There’s been a sea change among tech investors during the past month: Software stocks are hot, while semiconductor makers are not.

Wall Street is rotating out of the chip sector, put off by stretched valuations and trade war-related risks under Donald Trump. Already a vocal critic of the Chips Act, the President-elect vowed on Monday to impose additional tariffs on China, Canada and Mexico. Software, in contrast, has been on an upswing. Investors are positive on the group given its lower exposure to tariff risks, and as the tailwind from artificial intelligence looks set to shift from infrastructure to services.

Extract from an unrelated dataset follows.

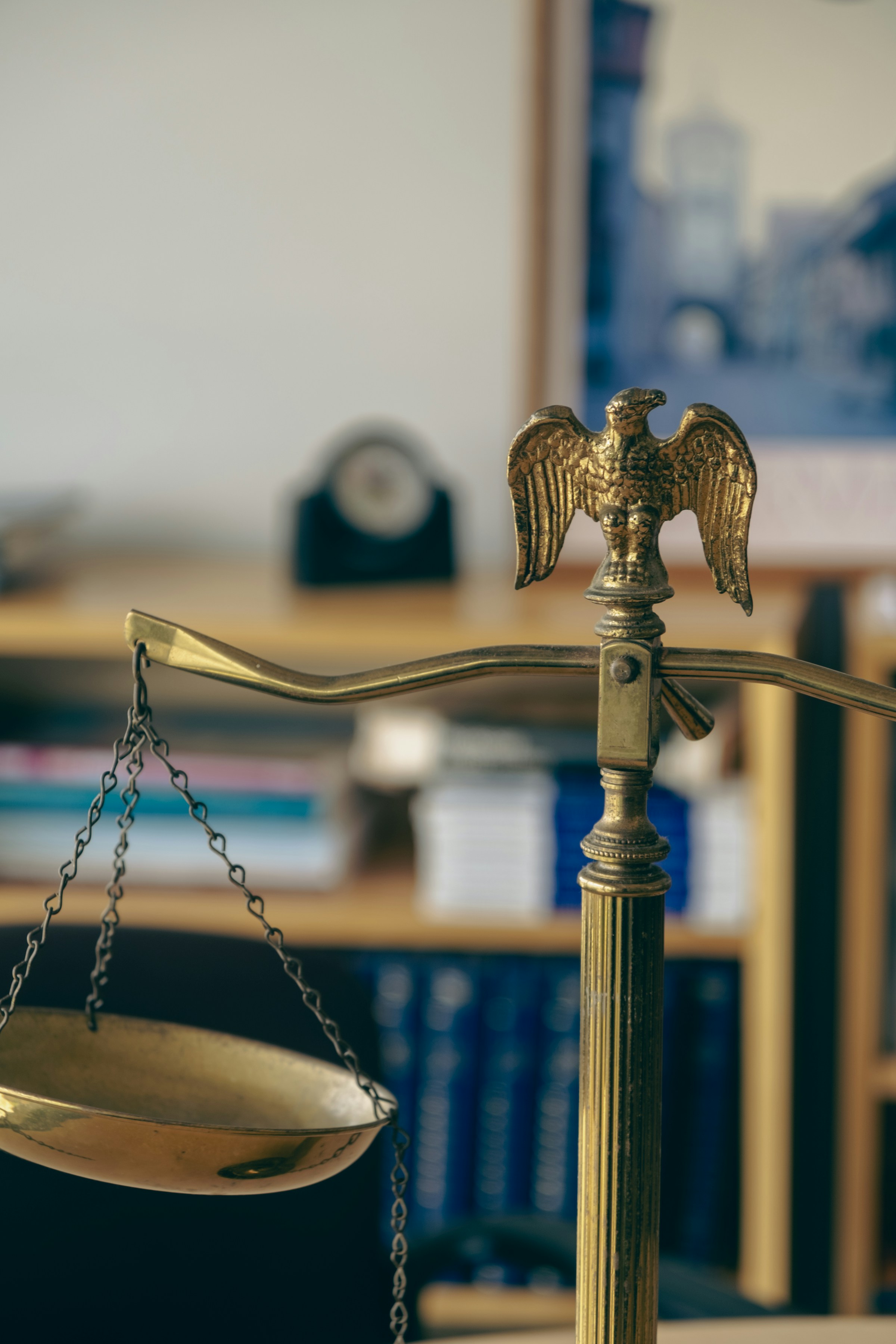 A golden scale with an eagle on top of it | Source: Unsplash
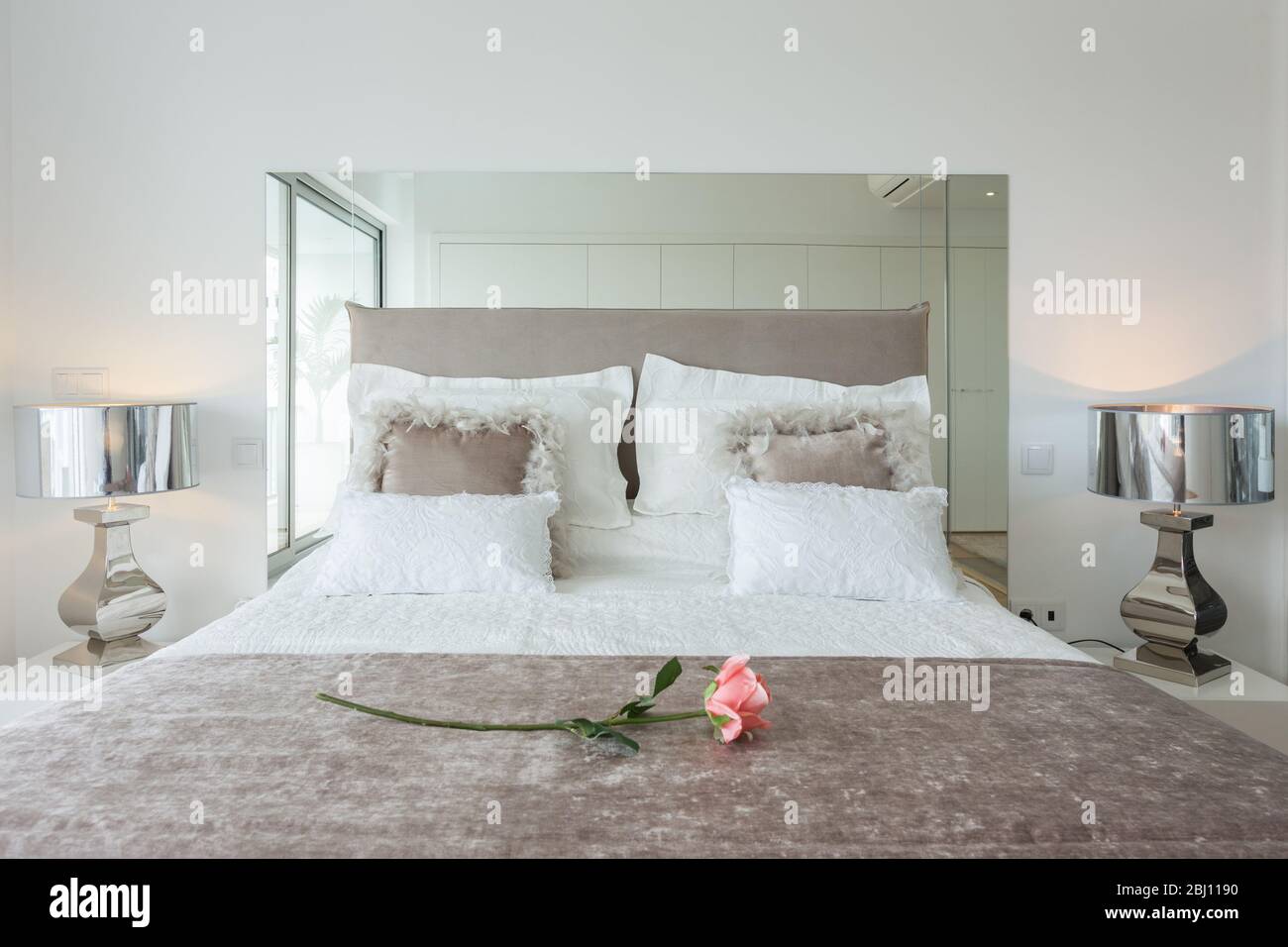 Schlafzimmer mit moderner Dekoration für eine komfortable und romantische Nacht. Großes Bett mit wunderschöner Bettwäsche und eine Rose für den Valentinstag. Stockfoto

“Software got left behind, but looks to be the next winner from AI, while it could also benefit if the new administration is more lenient on regulation and M&A,” said Bill Stone, chief investment officer at Glenview Trust Co. On the flip side, “there’s so much good news in chips, especially AI chips, that the valuation has gotten steep at a time when there’s more uncertainty.”

software comeback

Recent earnings reports underline the sentiment shift. Shares in data-analysis software company Snowflake Inc. soared on the back of a robust forecast, while demand for AI software fueled Palantir Technologies Inc.’s blowout report. In contrast, even strong results from Nvidia Corp. failed to excite investors.

So far in November, a major exchange-traded fund that tracks software is up 16%, putting it on track for its biggest one-month gain in a year, although it was flat on Tuesday. A semiconductor fund, meanwhile, is up less than 2% this month. Flows into the software ETF have also far eclipsed the chip fund, according to data from Bloomberg Intelligence.